You can create your own notecards to prepare for performance conversations, or use our downloadable Performance Feedback Worksheet. This worksheet includes additional employee pages to be completed a few weeks before the meeting, to help you and your team members get ready.   As an employee, you can prepare for your performance conversation using the Performance Feedback -Employee Worksheet to create valuable feedback.

Coach’s Questions:

Have your thoughts about performance conversations changed? What is challenging for you with this approach? What can you do to improve performance conversations with your team?

Is there a difference between recognition and appreciation?

As leaders, we hear how recognition and appreciation are important for fostering workplaces where team members feel valued and supported.

By doing this, we not only build relationships, but we build the foundation of strong teams: we build team trust.

While recognition and appreciation might be similar in practice, they are distinctly different in an important way.

Recognition is earned by doing something; it’s related to performance or results. Consequently, by nature, recognition is past-focused and conditional.

Examples of recognition are things like awards, bonuses, or promotions or even an informal thank you.

Appreciation is celebrating team members for who they are. It’s more about being grateful and cognizant of who they are as people and what they bring to the team.

Think about how often you have opportunities for recognition with your team. There might be some really impressive moments to acknowledge and celebrate, but there are also many struggles of good effort (perhaps some failures). Aside from that, there are usually many peripheral contributors on your team who may not often end up in the spotlight. What about them?

I recently read a Harvard Business Review article by Mike Robbins about why employees need both recognition and appreciation. I really liked this quote he used from a commencement speech that Oprah gave that highlights why appreciation is as important as recognition:

I have to say that the single most important lesson I learned in 25 years talking every single day to people was that there’s a common denominator in our human experience…The common denominator that I found in every single interview is we want to be validated. We want to be understood. I’ve done over 35,000 interviews in my career. And as soon as that camera shuts off, everyone always turns to me and inevitably, in their own way, asks this question: “Was that OK?” I heard it from President Bush. I heard it from President Obama. I’ve heard it from heroes and from housewives. I’ve heard it from victims and perpetrators of crimes. I even heard it from Beyoncé in all of her Beyoncé-ness…[We] all want to know one thing: “Was that OK?” “Did you hear me?” “Do you see me?” “Did what I say mean anything to you?”

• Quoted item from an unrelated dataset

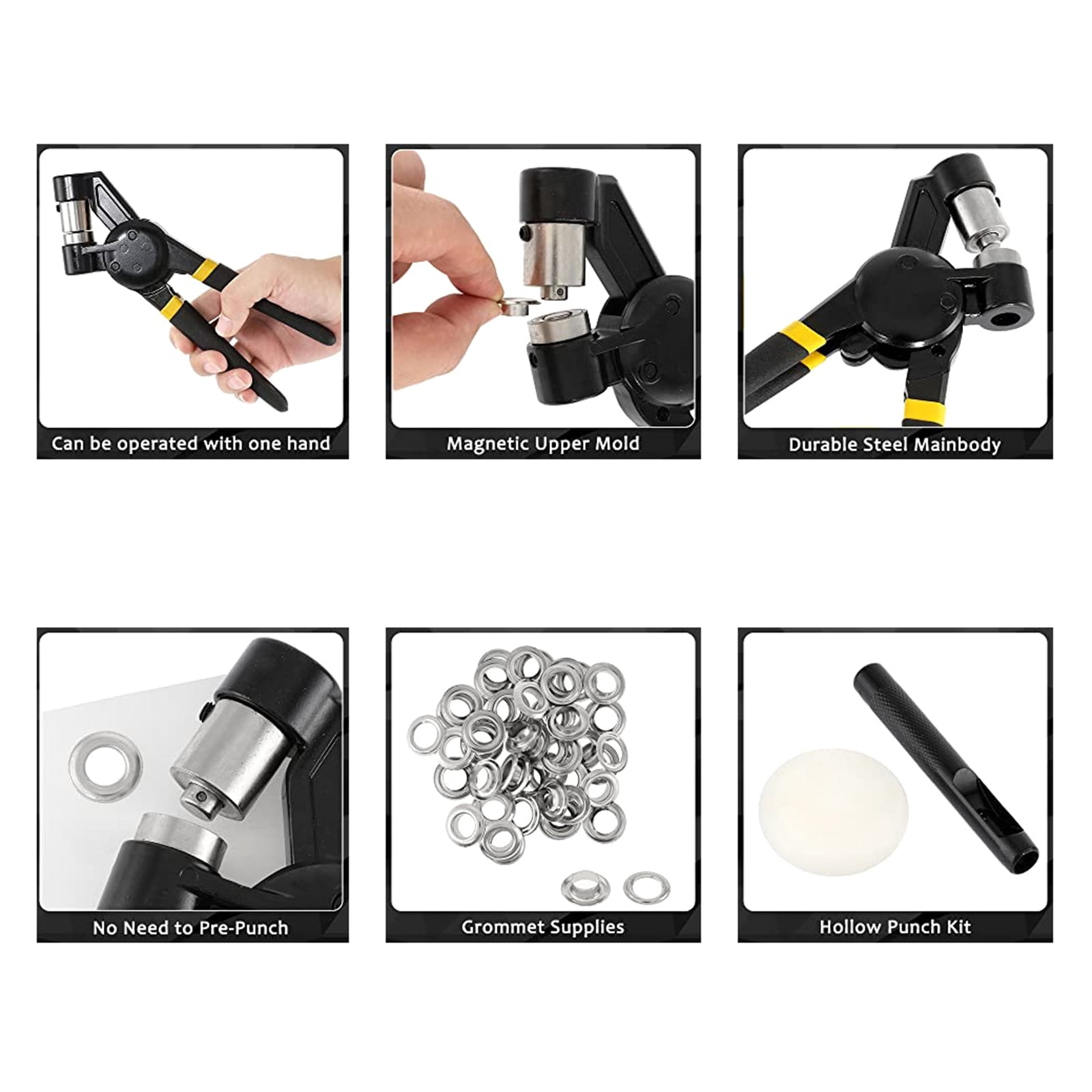 Heavy Duty Grommet Tool Kits Handheld Manual Eyelet Tool Press Punching Pliers for Leather Canvas Fabric Accessories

Seen, Heard and Understood

In coaching school, we learn that a key component of coaching is to ensure our client is, “seen, heard and understood” because everyone wants to be seen, heard and understood by at least one person.

We all need to feel appreciated. Everyone from our team members and colleagues to bosses and clients. They all want and need to be seen, heard and understood. (This also works for personal relationships!)

Here are ways to make sure that the people you work with feel that you appreciate them:

  • Make eye contact when you speak to them. It’s easy to get caught up in the busy-ness of work and answer while reading your phone or email, but actually stopping and looking someone in the eye says they matter.
  • Listen to understand. If you follow our blog, you know that we really encourage leaders to focus on listening to understand because too often we listen with the intent to respond. People want to be heard. When you stop and really listen, what they say might help you to respond better (or differently!).
  • Don’t wait for a reason to connect. While you may think you’re available and you talk with your team when necessary, it’s not the same to, say, ask for an update on a project as it is to just check in with them one-to-one. Chatting informally with the folks that you work with and asking how things are going with their work or a specific project (not in passing – but taking a minute to really listen!) will let them know you care about them as people and not just cogs in the wheel.
  • Tell people what you value about them. When you take time to acknowledge that someone on your team has a particular skill or talent, they feel seen. It could be as simple as a quick email to say, hey, I really like how you pitched in on this assignment and shared your knowledge of formatting the document. Feedback that is timely and authentic can really affect how people feel about working with you.
  • Give a handwritten thank you. In this day and age of texting and emails, a handwritten note really says that you’ve taken the time to stop and say something. It underscores that you’ve made an effort to highlight your gratitude for something that you’ve noticed about someone.
  • Acknowledge an absence. When folks are away from work, whether for something happy like a vacation or challenging like an illness, pick up the slack for them. Then, when they return, let them know how much they were missed.
  • Offer to help. If someone is having difficulty (personal or professional), show that you care about them by offering to help. They may or may not accept your offer, but they’ll know that you valued them enough to make an effort.
  • Give a do-over. We all make mistakes. Once in a while it’s nice if the folks around us give us a do-over. Show people you trust them to make things right.
  •  Celebrate milestones, both personal and professional. Finding reasons to celebrate together for everything from winning contracts to birthdays builds a company culture of growth and happiness.
  • Ask about their lives. Some people are more comfortable than others about sharing details about their lives outside of work but getting to know your team builds trust relationships. Pay attention when members of your team share bits and pieces of their lives and show an interest so they feel you value them as people.
  • If you’re not their boss, tell their boss how much you appreciate this person. There are so many things that can go unnoticed – and unappreciated – unless someone says something. Be that someone.

Coach’s Questions: 

How have you shown your team members recognition lately? How have you shown appreciation? Are there ways you can improve? What are ways you can start this week?